W weekend wrzucę fotki zmian:-D

Śniadanko: 1/3 gotowanej śląskiej kiełbasy, pół pomidora, łyżka keczupu, 1,5 kromki chleba z ziarnem.

2 śniadanie: 2 złożone kanapki z chleba ziarnistego: masełko, szynka z indyka, pomidor.

Obiad: zupa ogórkowa, talerz.

           2 łyżki kaszy, 270g gulaszu z indyka na warzywkach, bez mąki i smietany, surówka z pekinskiej i marchewki.

2 kostki milki, 2 krązki ryzowe

20 minut skakania, biegania i przysiadów zamiennie, zgrzałam sie więc wysiłek był:P. + 15 minut innych ćwiczeń.

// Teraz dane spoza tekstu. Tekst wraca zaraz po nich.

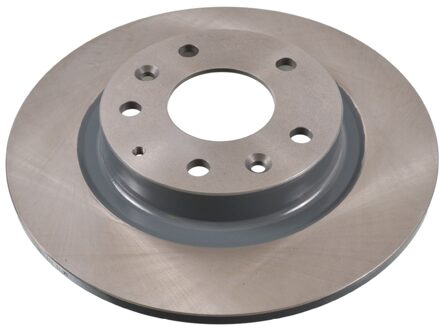 Mazda remschijf ADM543132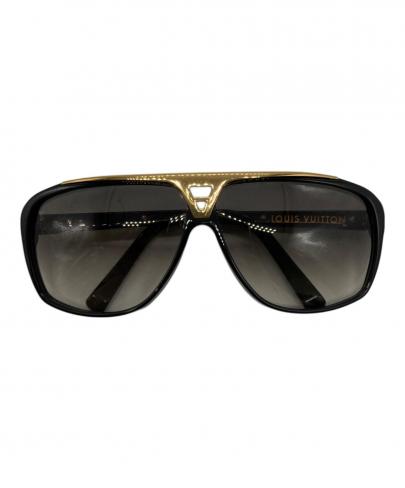 「ラグジュアリーブランドのLOUIS VUITTON 」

Sałatka z pomidorów + 4 kromki wasy.

Posladki wyglądają fajnie, ciesze się:) Musze tylko dokladnie się rozciagac po skakniu i bieganiu, aby nie rozbudowac łydek, mimo ze mam potęzne juz teraz.. po 39cm..

Stosuje z Was ktos diete, bo chce schudnąć z brzucha? Wiem, że nie schudna z jednego miejsca, no ale może ktoś ma jakies wskazówki? Czytajac glupie porady w internecie mozna sie zalamac, a nie chce zyc głodówką.